Похоже, сам Рачковский всерьез подумывал о ликвидации Гапона. И здесь ему очень помогли эсеры. Не исключено, что кто-то из тайных агентов Рачковского непосредственно участвовал в казни Гапона: уж очень точно Рачковский знал детали убийства.
Несмотря на то что граф Витте, проявив политическую дальновидность, отказался встретиться с Гапоном, чем в значительной степени затруднил свое смещение с поста председателя Совета министров, он все же допустил серьезную оплошность, дав деньги на мнимую нелегальную отправку того из России. Это послужило основанием для утверждения противниками Витте, что Гапон действовал по его указаниям и получал от него значительные суммы денег.
19 марта 1906 года в газете «Новое время» появилось «Заявление Г. Гапона прокурору судебной палаты» такого содержания: «Осенью прошлого года я получил предложение от имени графа Витте вступить с ним в переговоры по поводу рабочих организаций и их материального состояния. Мне было объявлено, что возникновение рабочих организаций возможно, и мне было разрешено полулегальное пребывание в Петербурге впредь до окончания возбужденных переговоров».
Газеты опубликовали сообщение, что 27 марта 1906 года Гапон посетил председателя Петербургского окружного суда и беседовал с ним более часа.

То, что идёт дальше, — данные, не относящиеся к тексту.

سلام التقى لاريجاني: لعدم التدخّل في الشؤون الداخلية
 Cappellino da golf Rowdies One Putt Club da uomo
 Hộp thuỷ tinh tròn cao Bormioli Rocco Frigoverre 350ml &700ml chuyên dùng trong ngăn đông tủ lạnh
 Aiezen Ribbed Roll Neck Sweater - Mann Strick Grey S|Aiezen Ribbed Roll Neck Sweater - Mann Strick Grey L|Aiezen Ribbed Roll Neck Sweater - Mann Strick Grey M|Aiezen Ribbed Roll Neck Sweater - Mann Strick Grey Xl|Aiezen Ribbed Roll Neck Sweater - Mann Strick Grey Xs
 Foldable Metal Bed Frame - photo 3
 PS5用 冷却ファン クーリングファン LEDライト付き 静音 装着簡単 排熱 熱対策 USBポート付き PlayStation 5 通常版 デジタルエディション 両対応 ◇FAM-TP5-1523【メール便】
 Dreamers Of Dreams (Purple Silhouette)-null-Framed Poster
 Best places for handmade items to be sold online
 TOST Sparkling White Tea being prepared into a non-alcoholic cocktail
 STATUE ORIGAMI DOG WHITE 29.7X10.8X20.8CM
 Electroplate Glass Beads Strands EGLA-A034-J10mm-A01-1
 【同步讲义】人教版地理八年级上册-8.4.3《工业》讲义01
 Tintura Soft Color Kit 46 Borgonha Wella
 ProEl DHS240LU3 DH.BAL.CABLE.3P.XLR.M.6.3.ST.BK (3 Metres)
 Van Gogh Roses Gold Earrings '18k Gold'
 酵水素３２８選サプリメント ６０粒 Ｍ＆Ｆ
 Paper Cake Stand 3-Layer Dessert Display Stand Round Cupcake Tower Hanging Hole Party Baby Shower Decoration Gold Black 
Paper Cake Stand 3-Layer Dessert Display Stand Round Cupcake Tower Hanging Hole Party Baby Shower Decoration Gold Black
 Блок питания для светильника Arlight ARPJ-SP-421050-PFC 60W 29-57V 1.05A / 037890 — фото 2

Во время беседы Гапон заявил, что ему надоело скрываться, он настойчиво требовал открытого и гласного суда над ним, чтобы официально установить, что он, Гапон, ни в чем не виноват, ибо действовал по прямому указанию графа Витте и должен быть восстановлен в гражданских правах (такой визит действительно состоялся. Однако на этом приеме Гапон арестован не был, хотя принимавший его председатель суда знал, что тот разыскивается полицией и подлежит при обнаружении аресту. Более того, на запросы редакций газет департамент полиции официально ответил, что приказа об аресте Гапона не отдавалось и что на учете он не числится ни за полицией, ни за охранным отделением).
Вся черносотенная печать начала бешеную травлю Витте, обвиняя его в измене родине и престолу. Начались открытые выступления черносотенцев против Манифеста 17 октября 1905 года. На своих сборищах они кричали: «Долой подлую конституцию! Смерть графу Витте!»
14 апреля 1906 года Витте подал в отставку. В письме к царю он писал: «Я чувствую себя от всеобщей травли разбитым и настолько нервным, что я не буду в состоянии сохранять то хладнокровие, которое потребно в положении председателя Совета министров, в особенности при новых условиях... В течение шести месяцев я был предметом травли всего кричащего и пишущего в русском обществе и подвергался систематическим нападкам имеющих доступ к Вашему императорскому величеству крайних элементов».
16 апреля 1906 года отставка Витте царем была принята. На этот раз провокация царской тайной полиции увенчалась успехом.